Supplied information ▸

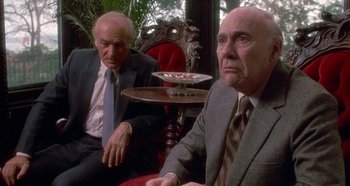 Movie still from “Prizzi's Honor” (1985), directed by John Huston – Two men in business suits sitting in front of each other; Medium shot, Low angle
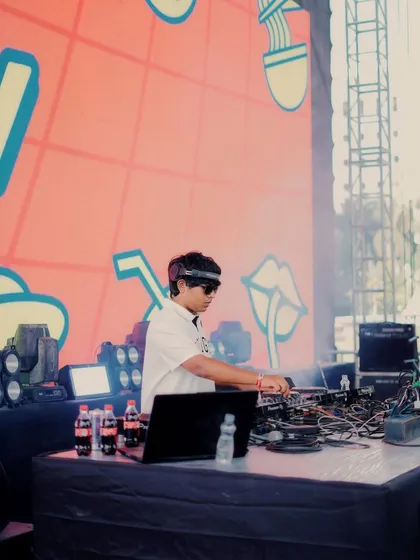 A side profile shot of me focused on the decks during my Zomaland performance. It's all about reading the crowd and dropping the right track at the right time.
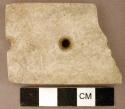 Ground stone, gorget fragment, flat and rectangular, three perforations, possibly reworked at one end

Exercise brief ▸
Give back each line above verbatim, dropping every picture.

Response below ▸
 Movie still from “Prizzi's Honor” (1985), directed by John Huston – Two men in business suits sitting in front of each other; Medium shot, Low angle
 A side profile shot of me focused on the decks during my Zomaland performance. It's all about reading the crowd and dropping the right track at the right time.
 Ground stone, gorget fragment, flat and rectangular, three perforations, possibly reworked at one end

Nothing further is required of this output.